4. How do you think the field will evolve over the next decade? What major advances do you expect (or hope) to see?
New knowledge is often driven by technological advances. There is currently a lot of development in the space of single-cell epigenomics. Further improvement of these technologies is required, but this would circumvent some of the problems inherent to epigenetic analysis. Furthermore, it would allow us to better assess the different epigenetic activation states in a defined population.

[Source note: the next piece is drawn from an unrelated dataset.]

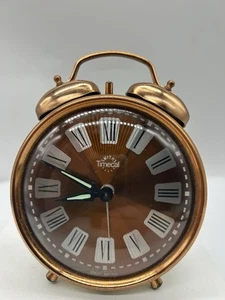 Vintage Smiths Timecal Alarm Clock Dual Bell Bronze Coloured Trim Glow In Dark - Picture 1 of 13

Application of spatial transcriptomics, which allows the measurement of gene expression patterns of cells in their microenvironment, would also be of great interest for the analysis of epigenetic modifications. We have learned in the last decade that epigenetic changes are present in many complex human diseases, not only cancer. In many cases, there is no strong genetic variant driving these diseases. There is a huge potential for epigenetics to contribute to personalized patient management with respect to these diseases enable early detection, predict which treatment might be best suited for a patient and monitor the success of treatment or development of treatment resistance. To be fully appraised and clinically implemented, it will be important to include epigenetic analysis in clinical trials on a routine basis. The challenge comes from the cell type specificity of DNA methylation and epigenetic modifications in general, which will require isolation of specific cell types. This is associated with a substantial logistical effort, but might lead to completely novel insights and perhaps new targets for therapy.
Epigenetic tests might, in the near future, also allow us to better measure and monitor the exposure of individuals to substances that are potentially harmful to human health. On the other hand, we might get a scientifically-supported handle to keep the epigenome in a healthy state. Interventions like these, like modifying the microbiome, have attracted some interest, but the interactions between the microbiome and epigenome are still poorly understood.
5. In one of your recent review articles, you mention the future prospect of “epigenetic editing”, analogous to genetic editing using CRISPR/Cas9. How far away do you think we are from medical interventions using epigenetic modification techniques? What will it take to get to that point?
Epigenetic editing is an intriguing recent development in the field of epigenetics. It allows us for the first time to specifically alter the epigenomic landscape at specific loci and interrogate the functional relevance of epigenetic changes in a biomedical context, such as a disease. For the moment, epigenetic editing is mainly used for in vitro experiments aimed at reproducing an epigenetic state associated with a phenotype, although some experiments have been performed in animal models. Clinical applications, especially in diseases without strong genetic drivers, might be possible in the future. However, there are still many open questions for application to complex organisms such as humans with their multiple cell types. Delivery methods, efficiency of the editing steps, stability of the induced changes and the reaction of the cellular microenvironment are among the many challenges. In non-lethal diseases – or diseases for which other treatment regimens already exist – the risks and benefits need to be carefully balanced. These tasks are indeed complex as the redundant multi-layered epigenomic landscape will require a well-planned and rational approach to identify the “Achilles’ Heel” of the epigenome and avoid compensatory mechanisms for obtaining measurable and durable results. Much work on the hierarchy of epigenetic modifications and improved strategies are required before epigenetic editing might enter clinical routine, but the progress in this field has so far been breathtakingly rapid.